● PROBLEM STATEMENT
Can you print the data exactly and leave out each image?

● DATASET EXCERPT
⁂

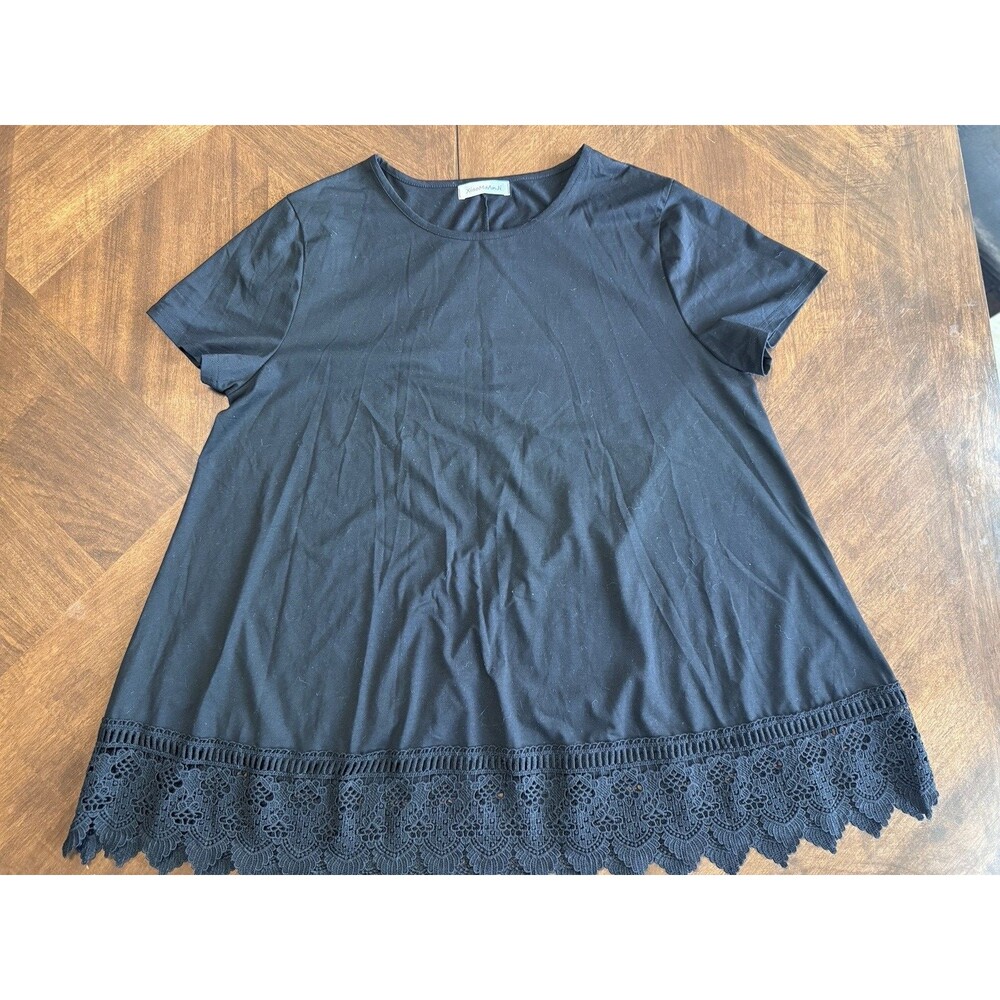 XiaoMaAnji Black T-shirt Dress with Lace Hem Women’s Size 3X
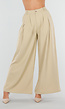 Beige Wide Leg Pantalon met Plooien en Stretch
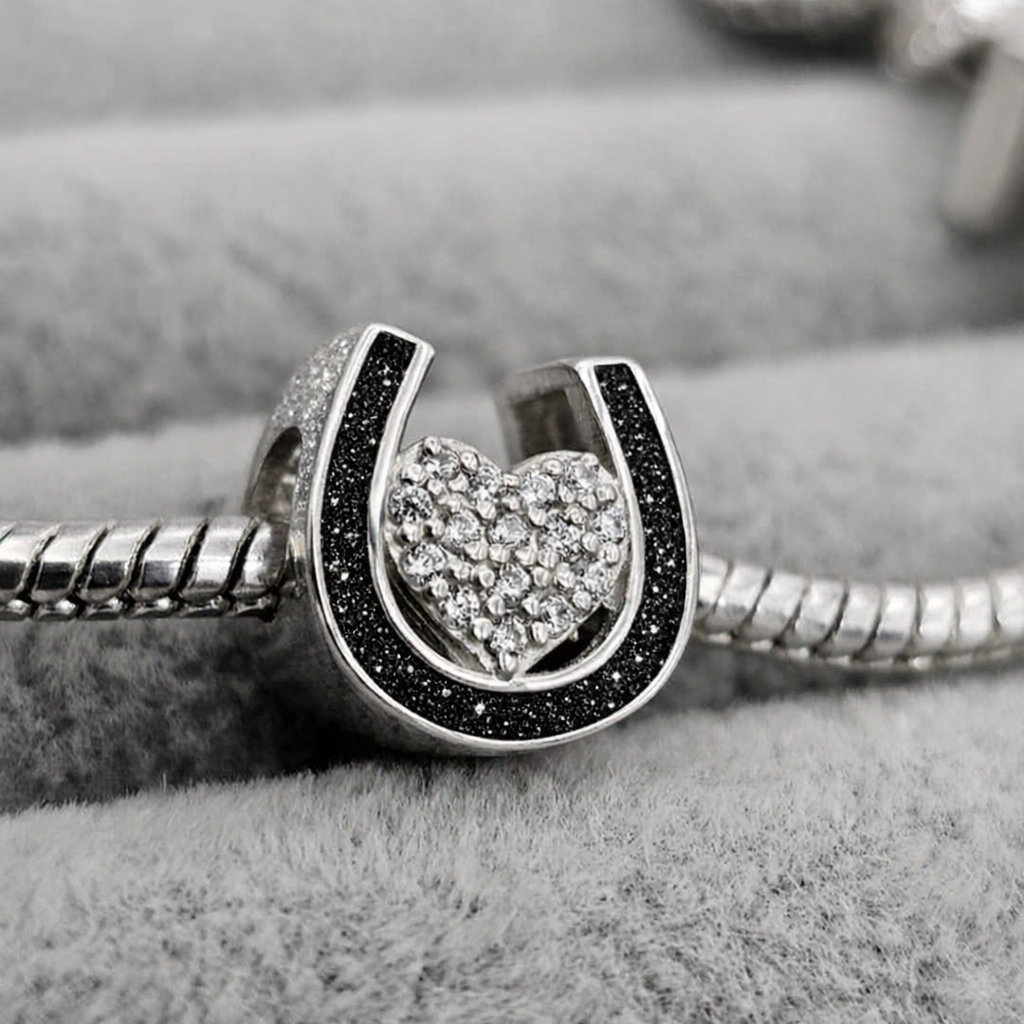 CZ Heart and Horse Shoe Memorial Bead 925 Silver Charm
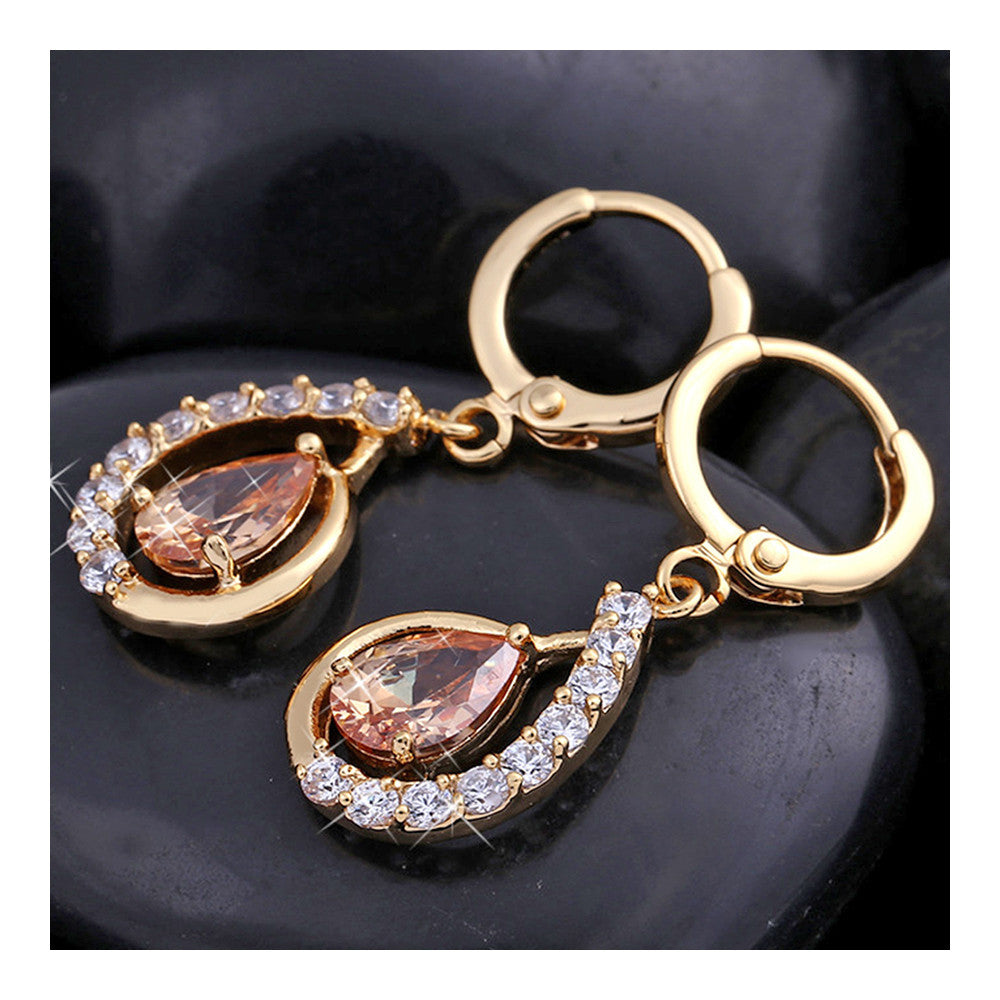 Fake Gold Earrings 18K    gold plated yellow zircon - Mega Save Wholesale & Retail - 2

⁂

● ANSWER TO THE PROBLEM
 XiaoMaAnji Black T-shirt Dress with Lace Hem Women’s Size 3X
 Beige Wide Leg Pantalon met Plooien en Stretch
 CZ Heart and Horse Shoe Memorial Bead 925 Silver Charm
 Fake Gold Earrings 18K    gold plated yellow zircon - Mega Save Wholesale & Retail - 2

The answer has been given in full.